American National Standards Institute (ANSI): A consensus organization which coordinates voluntary standards for the physical, electrical and performance characteristics of lamps, ballasts, luminaires and other lighting and electrical equipment.
Amps: A measure of electrical current. In incandescent lamps, amps are related to voltage and power as follows: Current (Amps) = Power (Watts) / Voltage (Volts)
Apparent Color Temperature: Used to describe the degree of "whiteness" for fluorescent and high intensity discharge lamps.
Average Rated Life: The median time it takes for a lamp to burn out.
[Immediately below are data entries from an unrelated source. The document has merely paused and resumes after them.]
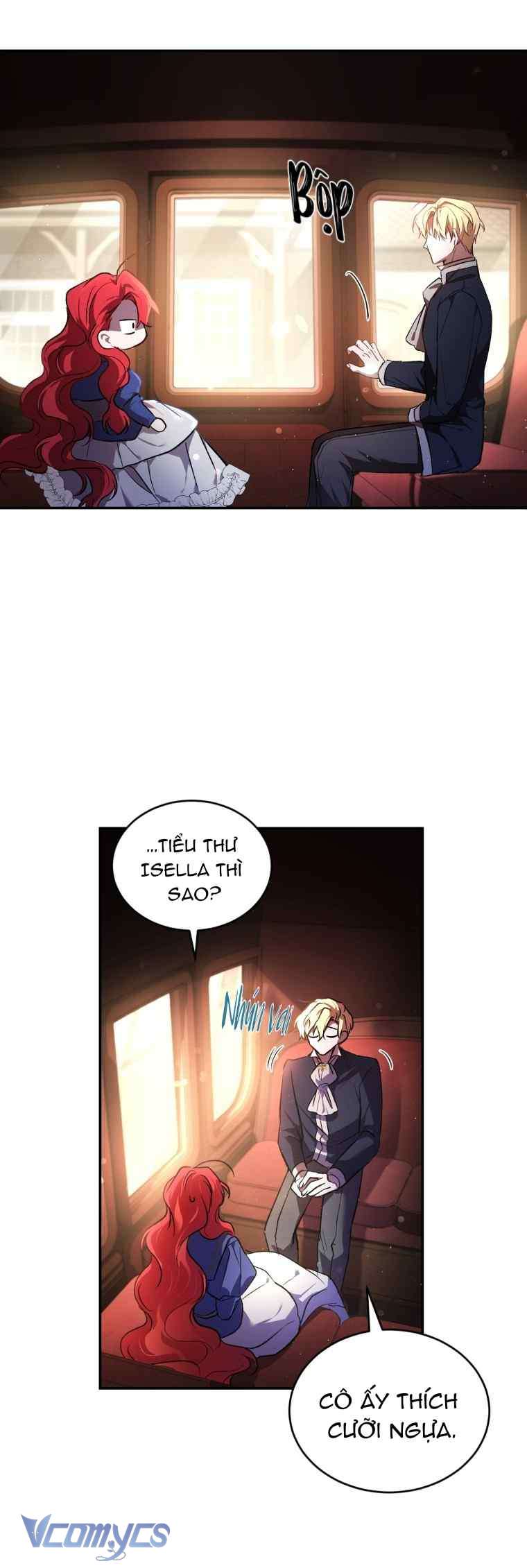 (Munn) Hoàn Nguyên Quý Cô Chap 18 - Next Chap 19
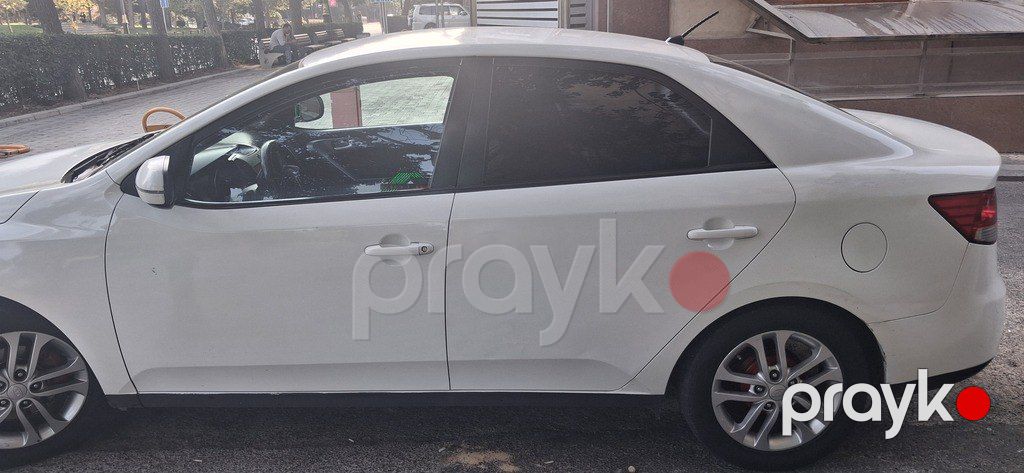 Kia Cerato, 1.6 L, 2011 il, 490 000 km — Avtomobillər, Bakı (4)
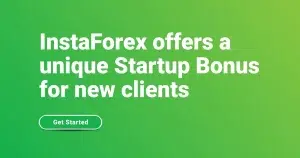 InstaForex offers a unique Startup Bonus for new clients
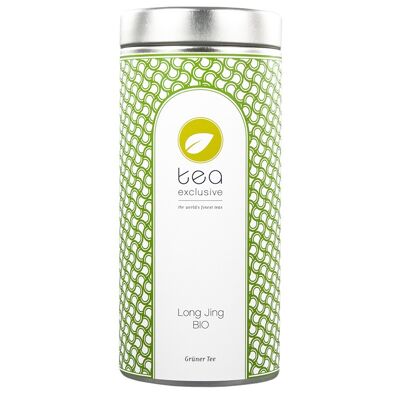 Longjing BIO, Grüner Tee, China, 60g Dose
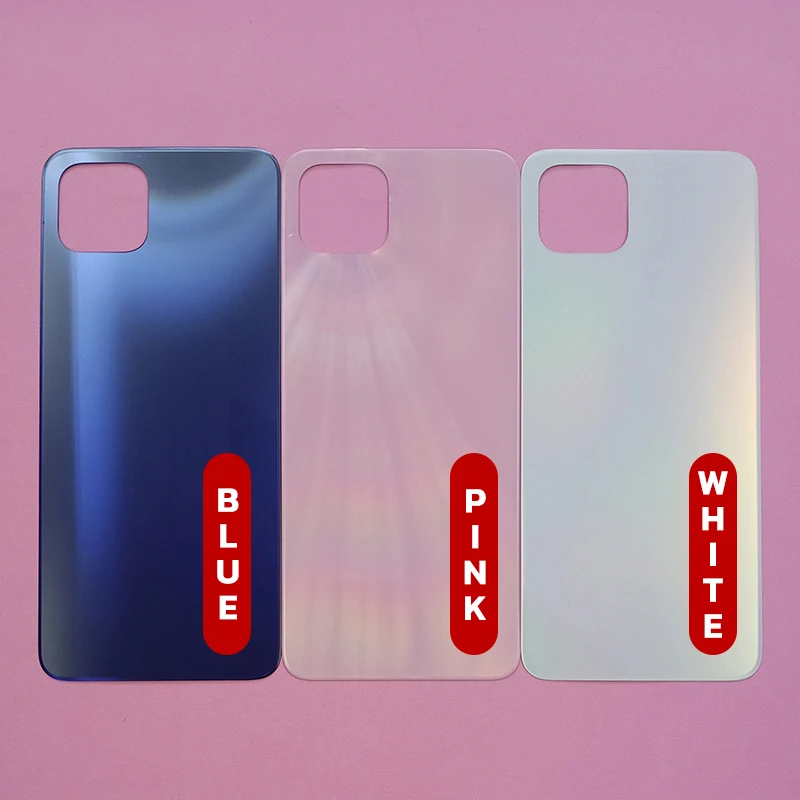 

Оптовая продажа для Запасная задняя крышка аккумулятора OPPO A92S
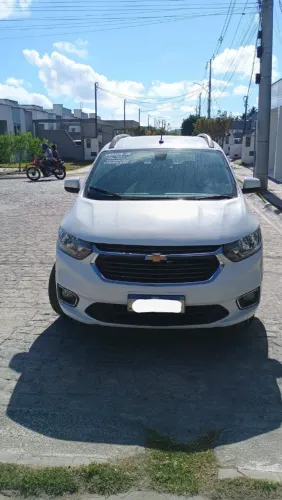 Chevrolet Spin Premier 1.8 8V Econo.flex 5P Aut. 2023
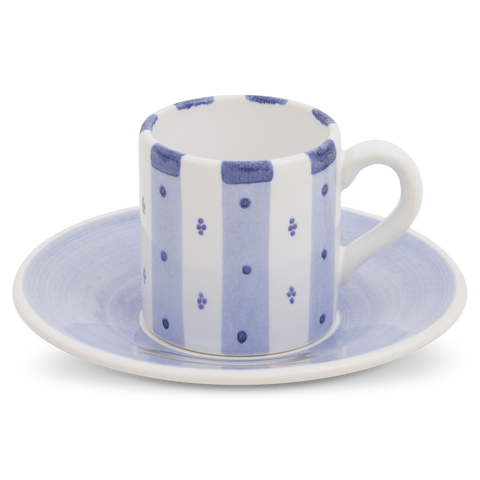 Tazzina per moka 484 | Decoro 165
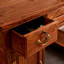 Bureau domestique en bois massif-784157208
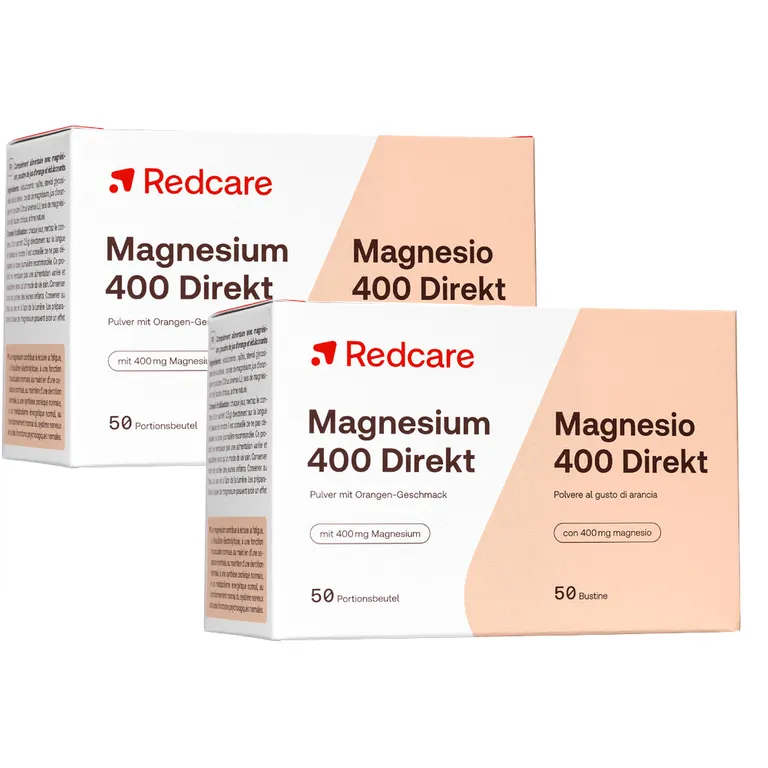 shopapotheke Redcare Magnesium 400 Direkt
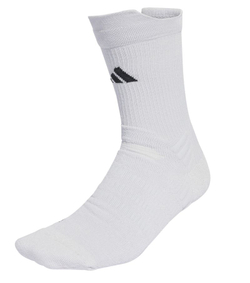 Носки теннисные Adidas Cushioned Crew 1P — dash grey/black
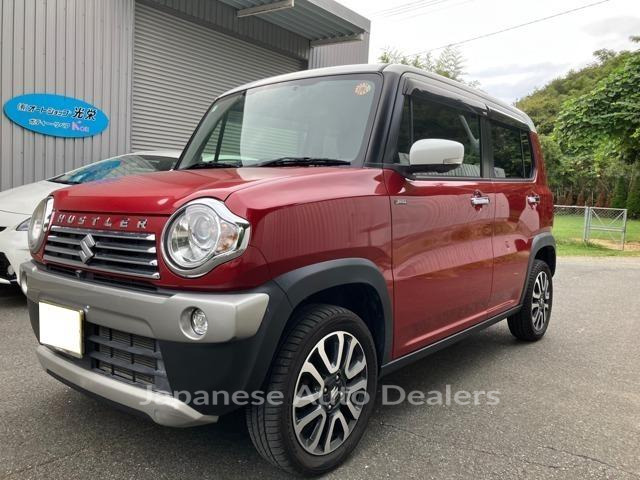 SUZUKI HUSTLER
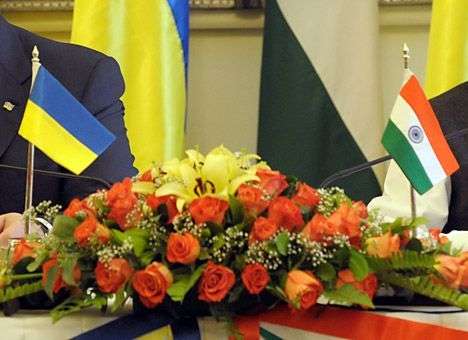 МИД Индии вручил ноту украинскому послу за «покращення»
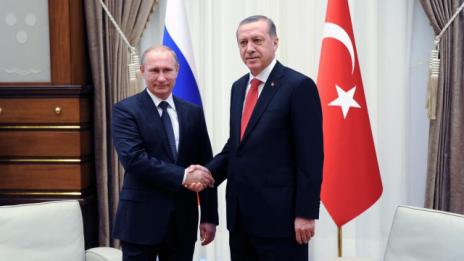 Предстои ли среща между Путин и Ердоган?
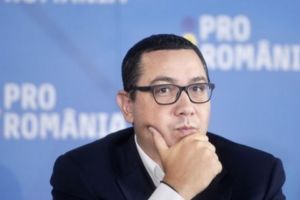 Partidul lui Ponta, peste ALDE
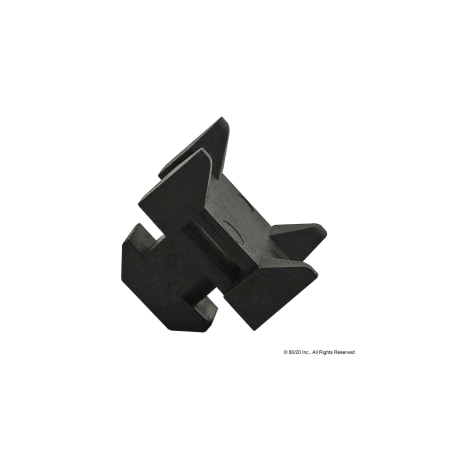 80/20 Cable Tie Mounting Block 45S 12315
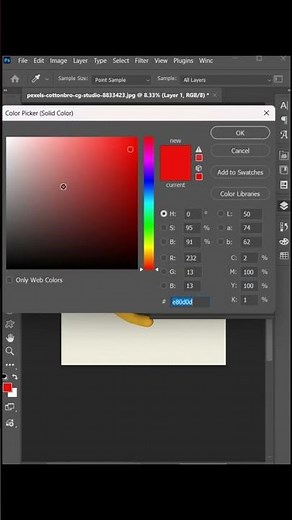 Magic Wand Tool Explained | Adobe Photoshop 2026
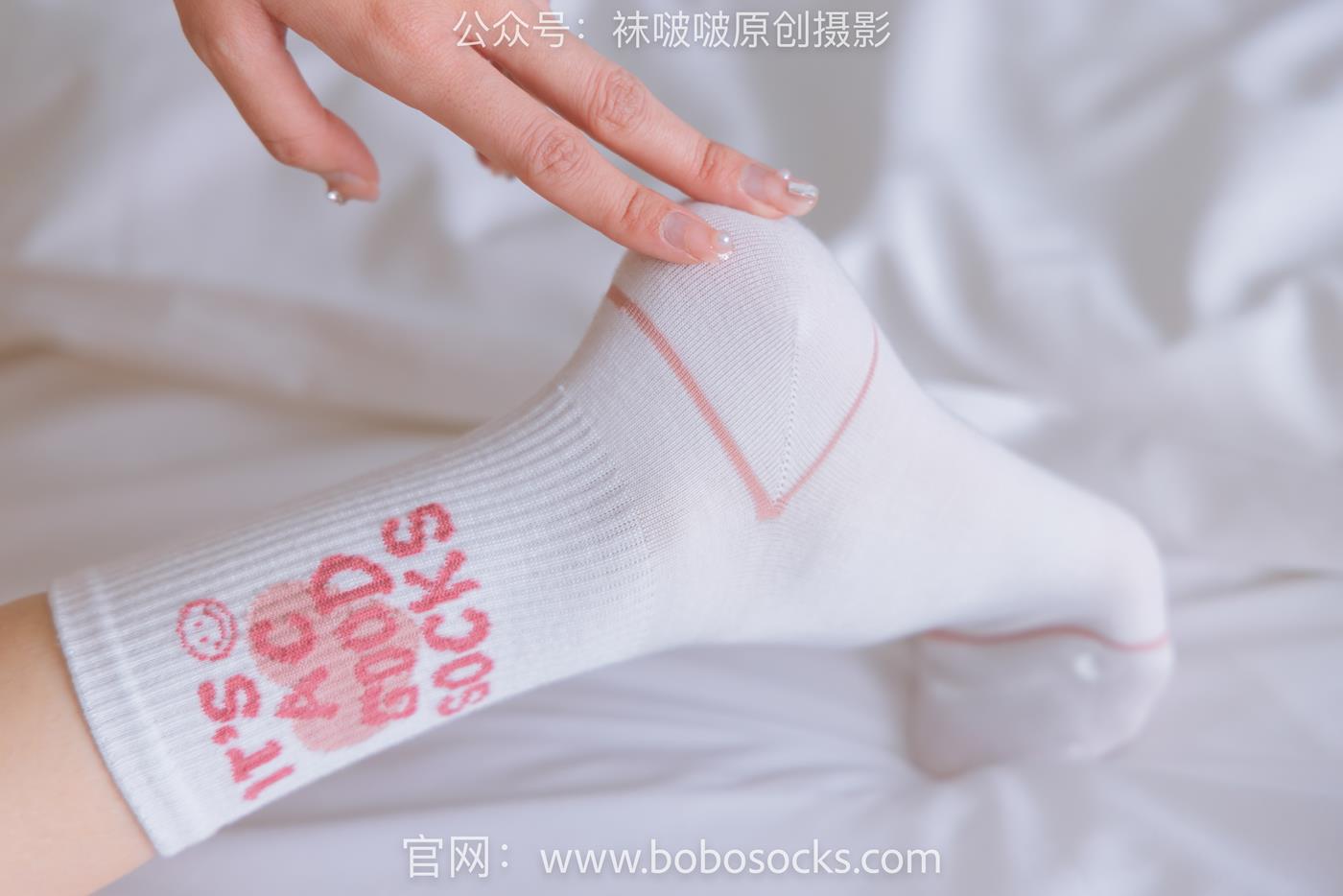 图片[76]-[BoBoSocks袜啵啵]NO.143 稚予-匡威板鞋、vans帆布鞋、两双白棉袜 (1) [84P] – 速更版-美库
Based upon continuous testing lamps in laboratories, the 1,000 hour rating is the point in time when 50% of the test samples have burned out and 50% are still burning. Average life ratings are based on closely controlled laboratory test of lamps, at their rated voltage, over a long period of production time. Average Rated Life is not necessarily the same as service life; mechanical shock & vibration, voltage fluctuation, temperature and other environmental factors may result in shorter service life. Therefore, as with any average value, some individual lamps may operate longer and some may operate shorter than their Average Rated Life.
Beam Angle: Indicates the spread of the beam of light. The smaller the number, the tighter and more intense the beam. Same as beam spread measured at 50% of the maximum intensity. This angular dimension of the cone of light from the reflectorized lamps (such as R and PAR types) encompasses the central part of the beam out to the angle where the intensity is 50% of maximum.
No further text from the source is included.